Many Tarot books attach much importance to the explicit formulation of the question. It is as if the cards were somehow obliged to answer the exact wording of the query. But as I see it, even if the querent comes to the reading with a clear and precise question, we should regard it only as a starting point. People are not always self-aware enough to know what exactly it is that troubles them. And even if they are, they don’t always feel free to reveal it right away during the first minutes of a meeting with a total stranger. In other words, the question that the querent presents at the beginning of the reading is not always the real question, which we are supposed to answer in order to help him.
That is why at the beginning of the session I prefer to let the querent present his story as he chooses, listen to him and maybe ask some questions of my own when something seems strange or unclear to me. Eventually we may arrive at a focused question and spread the card in order to answer it. But we may also just describe the situation, open the cards and see where they lead us. While the querent is speaking, I pay attention to the way he presents things and interpret it by the rule that everything is a sign. If the querent starts out with a long and detailed story, perhaps the first thing that he needs is just someone to listen to him. If the story is complicated and winding, he might be avoiding the real problem and trying to hide it behind a cloud of details. On the other hand, if the querent declines to give us information or challenges us to find out by ourselves what is the matter with him, we should note his closed and defensive attitude and understand it as a need to protect himself. We will probably have to work hard to gain his confidence, so that he may allow himself to bring down his defenses.

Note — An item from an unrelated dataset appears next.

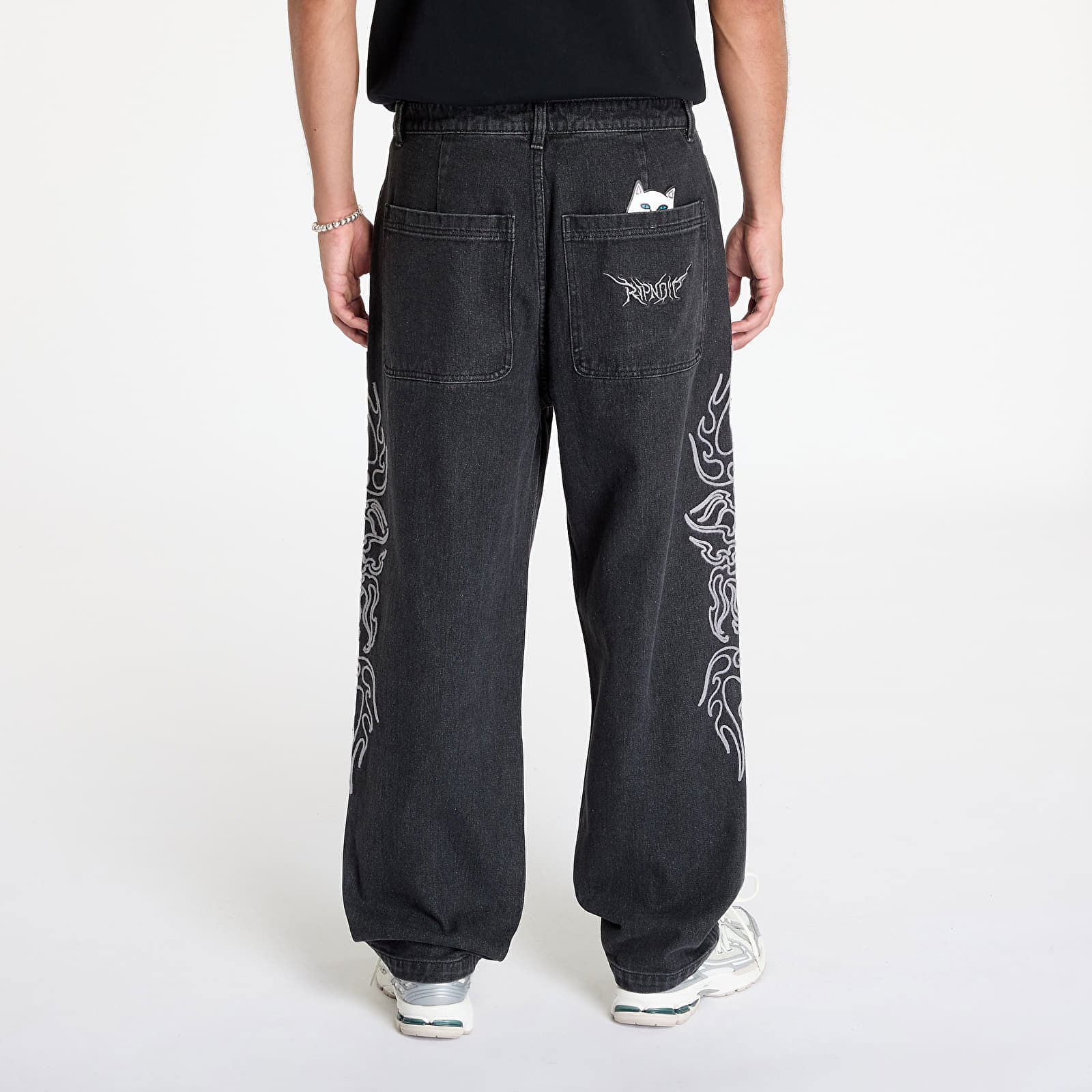 Pants Volt Denim Pants Black S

We should be suspicious of an all-too-clear and explicit question, as it might be just a cover, hiding the really essential point. For example, a person may ask how he can improve his situation at work or with his life partner. During the reading, the question may come up as to whether at all he wants to remain in his present job or relationship. Of course, in such a case we are not supposed to give him a definite yes-or-no answer, only to open him to new insights on the subject that he can later process with himself. In another instance, a querent may tell us about a business problem, but the reading may show that a family complication is bothering him and not letting him devote his energies to his business. In such a case, the real question is what to do about the family complication.

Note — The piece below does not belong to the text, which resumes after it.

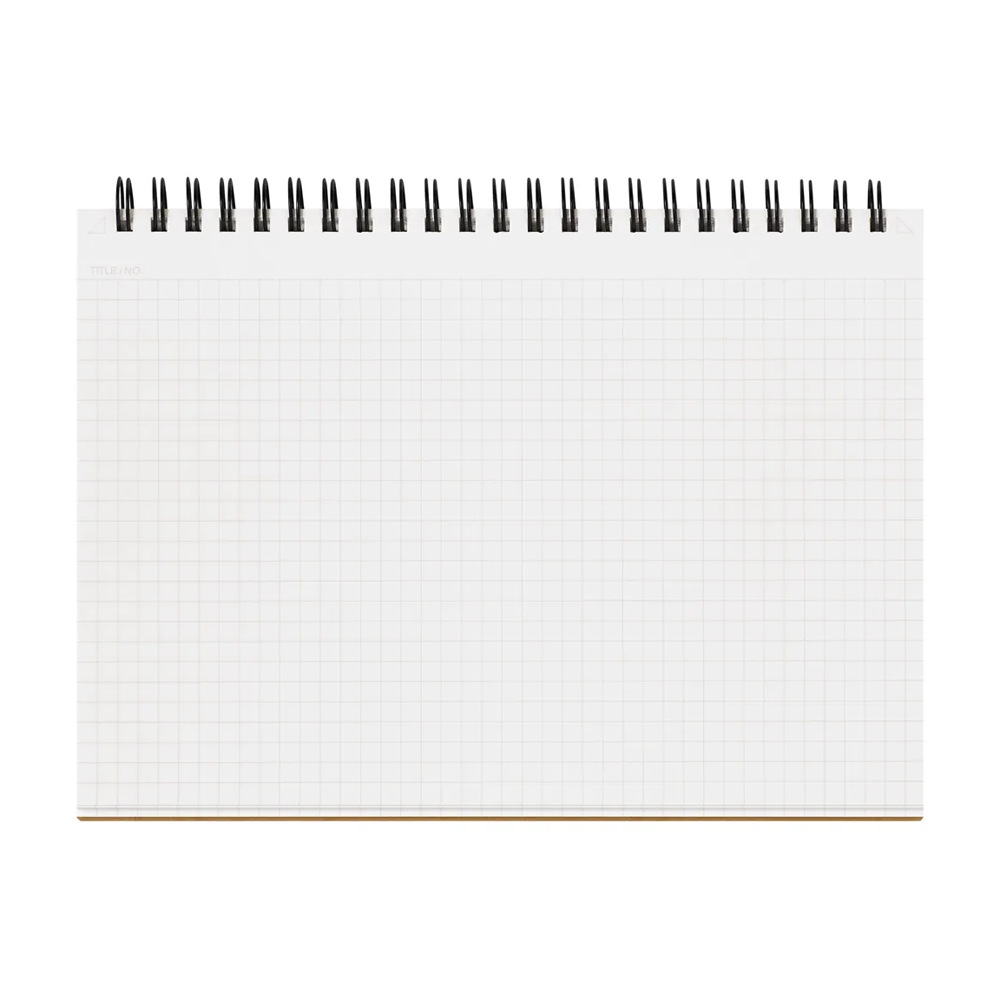 Maruman Mnemosyne A5 Grid Notebook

Many people come for a Tarot reading expecting a fortune-telling session, as if the cards are to say what will happen to them. So they may ask a question about future events: When will I get married? Will the business succeed? Will the quarrel end? Taking such a question at face value and giving them a definite answer is usually not productive. Right or wrong, an optimistic prediction may lower the motivation of the querent to make an effort as he may believe that success is guaranteed. A pessimistic one could also lower his motivation, this time because he may think all is lost anyway. The point is that such questions are formulated in terms of the future only on the surface of things. It is a language in which the querent expresses his present fears and concerns about the future. It is important to calm fears when they arise. But the real question, which has practical consequences, is not about the past or the future but always about the present: what can the querent do now in order to improve his situation?

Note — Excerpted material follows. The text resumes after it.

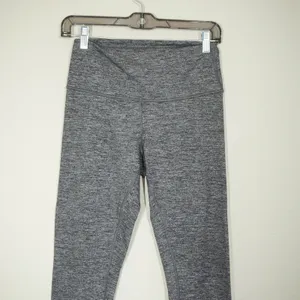 Lululemon Size 8 Wunder Under High Rise Leggings Grey Space Dye 27" Inseam thumbnail 2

The querent’s reactions at the end of the meeting should also not always be taken at face value. Sometimes it happens that people tell me things like “You didn’t tell me much that was new,” or “I didn’t relate to the message you conveyed.” But a few months or years later I meet them by chance, and then it turns out that the reading was meaningful and occupied their thoughts for a long time. In such cases one can hear things like “I didn’t understand at the time what came up in the reading, and only a few months later did it dawn on me.” It is important to remember that the prospect of real change always arouses real resistance at first. The significant test is over time, after the querent has digested and worked out what came up in the session. Thus, the criterion for a successful and productive reading is not whether the querent comes out from it with an immediate feeling of satisfaction. Rather, it is whether in retrospect he considers it as having been a positive and helpful experience.